Task to carry out. Using the records below, give again exactly the lines from the line that contains "4246 Morningside Circle Great Falls MT 59405" through the line that contains "字幕bot的微博_微博", both ends included, and only those.

Data shown.
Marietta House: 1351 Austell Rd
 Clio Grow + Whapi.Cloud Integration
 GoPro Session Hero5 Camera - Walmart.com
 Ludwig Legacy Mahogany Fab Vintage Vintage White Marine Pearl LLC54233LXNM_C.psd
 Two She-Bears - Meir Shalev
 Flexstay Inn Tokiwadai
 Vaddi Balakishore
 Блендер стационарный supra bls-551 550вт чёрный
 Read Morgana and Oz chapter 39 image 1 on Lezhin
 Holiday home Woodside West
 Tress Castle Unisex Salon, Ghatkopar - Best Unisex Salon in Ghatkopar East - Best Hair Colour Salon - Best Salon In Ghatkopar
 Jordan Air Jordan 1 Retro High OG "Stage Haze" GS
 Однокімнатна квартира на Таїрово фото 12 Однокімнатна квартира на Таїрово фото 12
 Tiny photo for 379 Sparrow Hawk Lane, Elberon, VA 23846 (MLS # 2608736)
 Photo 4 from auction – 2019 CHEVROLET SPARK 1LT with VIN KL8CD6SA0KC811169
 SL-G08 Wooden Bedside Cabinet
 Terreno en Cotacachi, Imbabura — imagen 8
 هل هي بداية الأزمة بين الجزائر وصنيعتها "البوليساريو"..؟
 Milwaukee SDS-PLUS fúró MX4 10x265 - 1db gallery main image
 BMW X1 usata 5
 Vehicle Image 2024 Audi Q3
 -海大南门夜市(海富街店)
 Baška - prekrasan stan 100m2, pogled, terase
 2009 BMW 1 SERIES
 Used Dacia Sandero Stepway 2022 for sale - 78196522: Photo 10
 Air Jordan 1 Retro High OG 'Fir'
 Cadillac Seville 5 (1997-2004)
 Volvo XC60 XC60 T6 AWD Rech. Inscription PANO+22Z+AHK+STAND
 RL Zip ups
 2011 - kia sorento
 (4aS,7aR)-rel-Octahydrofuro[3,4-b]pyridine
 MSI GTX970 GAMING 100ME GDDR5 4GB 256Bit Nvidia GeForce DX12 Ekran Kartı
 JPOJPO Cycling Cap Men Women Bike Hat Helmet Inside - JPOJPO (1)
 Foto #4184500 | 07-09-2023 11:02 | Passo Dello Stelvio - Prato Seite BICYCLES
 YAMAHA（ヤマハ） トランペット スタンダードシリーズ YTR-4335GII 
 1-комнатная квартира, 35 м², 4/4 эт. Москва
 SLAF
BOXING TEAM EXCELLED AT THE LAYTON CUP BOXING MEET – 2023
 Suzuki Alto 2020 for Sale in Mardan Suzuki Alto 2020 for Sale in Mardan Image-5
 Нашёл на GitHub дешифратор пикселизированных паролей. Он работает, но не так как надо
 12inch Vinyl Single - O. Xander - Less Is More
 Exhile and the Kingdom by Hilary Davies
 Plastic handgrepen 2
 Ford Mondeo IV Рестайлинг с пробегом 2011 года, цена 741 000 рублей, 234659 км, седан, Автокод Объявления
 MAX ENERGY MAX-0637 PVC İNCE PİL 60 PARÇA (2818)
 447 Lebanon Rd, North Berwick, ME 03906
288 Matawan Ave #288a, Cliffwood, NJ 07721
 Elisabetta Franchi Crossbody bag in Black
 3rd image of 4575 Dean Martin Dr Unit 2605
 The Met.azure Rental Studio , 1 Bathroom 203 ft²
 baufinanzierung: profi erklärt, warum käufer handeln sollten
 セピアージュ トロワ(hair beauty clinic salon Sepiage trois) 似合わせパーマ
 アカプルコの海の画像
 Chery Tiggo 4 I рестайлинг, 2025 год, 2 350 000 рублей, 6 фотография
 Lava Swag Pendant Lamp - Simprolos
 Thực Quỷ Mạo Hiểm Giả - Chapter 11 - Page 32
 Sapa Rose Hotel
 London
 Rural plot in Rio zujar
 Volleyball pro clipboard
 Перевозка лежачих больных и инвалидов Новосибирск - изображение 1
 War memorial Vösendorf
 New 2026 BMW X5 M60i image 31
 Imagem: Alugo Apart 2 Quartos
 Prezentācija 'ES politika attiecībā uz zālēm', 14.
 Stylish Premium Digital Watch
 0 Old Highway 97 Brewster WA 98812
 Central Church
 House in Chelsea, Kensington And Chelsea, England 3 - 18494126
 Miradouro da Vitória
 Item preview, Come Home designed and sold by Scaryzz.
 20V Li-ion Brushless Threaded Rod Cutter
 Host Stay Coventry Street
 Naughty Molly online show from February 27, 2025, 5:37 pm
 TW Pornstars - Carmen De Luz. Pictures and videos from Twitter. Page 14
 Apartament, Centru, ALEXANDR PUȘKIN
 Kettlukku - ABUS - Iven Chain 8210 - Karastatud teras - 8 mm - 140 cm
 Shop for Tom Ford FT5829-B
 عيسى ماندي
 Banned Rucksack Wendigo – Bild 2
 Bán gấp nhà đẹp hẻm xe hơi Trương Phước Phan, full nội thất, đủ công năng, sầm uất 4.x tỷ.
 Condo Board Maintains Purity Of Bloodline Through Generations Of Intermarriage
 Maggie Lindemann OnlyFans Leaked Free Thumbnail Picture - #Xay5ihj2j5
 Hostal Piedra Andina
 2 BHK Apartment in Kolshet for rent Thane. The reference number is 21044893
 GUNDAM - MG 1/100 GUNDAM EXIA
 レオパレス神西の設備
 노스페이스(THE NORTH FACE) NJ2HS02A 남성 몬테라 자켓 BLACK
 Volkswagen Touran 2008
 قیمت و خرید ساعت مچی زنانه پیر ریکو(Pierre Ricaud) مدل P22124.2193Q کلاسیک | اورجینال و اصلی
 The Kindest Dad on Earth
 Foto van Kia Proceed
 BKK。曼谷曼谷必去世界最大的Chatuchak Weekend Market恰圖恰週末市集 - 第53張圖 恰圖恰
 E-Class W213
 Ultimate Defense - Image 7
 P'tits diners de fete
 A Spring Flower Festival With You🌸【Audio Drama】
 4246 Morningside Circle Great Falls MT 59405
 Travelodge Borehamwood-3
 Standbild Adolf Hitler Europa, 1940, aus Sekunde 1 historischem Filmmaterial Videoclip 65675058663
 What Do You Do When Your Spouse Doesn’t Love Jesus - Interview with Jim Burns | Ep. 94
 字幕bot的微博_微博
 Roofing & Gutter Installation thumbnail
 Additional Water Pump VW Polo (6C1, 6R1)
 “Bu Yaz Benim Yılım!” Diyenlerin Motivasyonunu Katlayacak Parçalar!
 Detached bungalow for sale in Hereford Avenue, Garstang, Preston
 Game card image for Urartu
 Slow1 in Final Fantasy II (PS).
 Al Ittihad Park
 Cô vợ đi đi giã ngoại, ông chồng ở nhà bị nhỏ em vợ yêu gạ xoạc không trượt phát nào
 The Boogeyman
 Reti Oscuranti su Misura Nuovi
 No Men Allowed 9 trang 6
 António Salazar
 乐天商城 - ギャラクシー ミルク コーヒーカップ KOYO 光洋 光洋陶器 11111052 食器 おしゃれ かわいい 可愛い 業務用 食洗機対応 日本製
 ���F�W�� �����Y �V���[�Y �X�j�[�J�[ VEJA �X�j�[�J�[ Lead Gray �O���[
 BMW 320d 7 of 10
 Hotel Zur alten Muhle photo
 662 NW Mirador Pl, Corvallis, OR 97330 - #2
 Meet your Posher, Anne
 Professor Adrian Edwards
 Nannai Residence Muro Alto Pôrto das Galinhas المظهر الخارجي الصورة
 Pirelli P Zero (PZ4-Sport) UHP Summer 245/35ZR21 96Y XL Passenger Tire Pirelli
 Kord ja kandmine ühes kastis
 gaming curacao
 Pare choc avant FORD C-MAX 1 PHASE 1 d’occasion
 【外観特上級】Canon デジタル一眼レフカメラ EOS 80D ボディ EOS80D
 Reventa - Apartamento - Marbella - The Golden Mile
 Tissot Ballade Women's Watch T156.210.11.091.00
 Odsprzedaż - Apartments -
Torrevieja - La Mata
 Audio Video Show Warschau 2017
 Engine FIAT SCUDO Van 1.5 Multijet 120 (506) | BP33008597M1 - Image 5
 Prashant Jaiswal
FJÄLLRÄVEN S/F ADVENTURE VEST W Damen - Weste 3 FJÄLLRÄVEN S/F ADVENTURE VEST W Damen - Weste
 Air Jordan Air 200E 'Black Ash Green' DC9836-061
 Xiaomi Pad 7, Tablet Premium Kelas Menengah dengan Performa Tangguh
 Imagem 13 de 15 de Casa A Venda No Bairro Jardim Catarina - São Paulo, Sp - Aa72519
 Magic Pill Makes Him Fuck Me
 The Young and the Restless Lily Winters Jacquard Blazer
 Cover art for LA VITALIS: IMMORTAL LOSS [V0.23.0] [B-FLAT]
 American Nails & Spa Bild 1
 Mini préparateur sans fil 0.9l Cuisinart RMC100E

Result of this task.
 4246 Morningside Circle Great Falls MT 59405
 Travelodge Borehamwood-3
 Standbild Adolf Hitler Europa, 1940, aus Sekunde 1 historischem Filmmaterial Videoclip 65675058663
 What Do You Do When Your Spouse Doesn’t Love Jesus - Interview with Jim Burns | Ep. 94
 字幕bot的微博_微博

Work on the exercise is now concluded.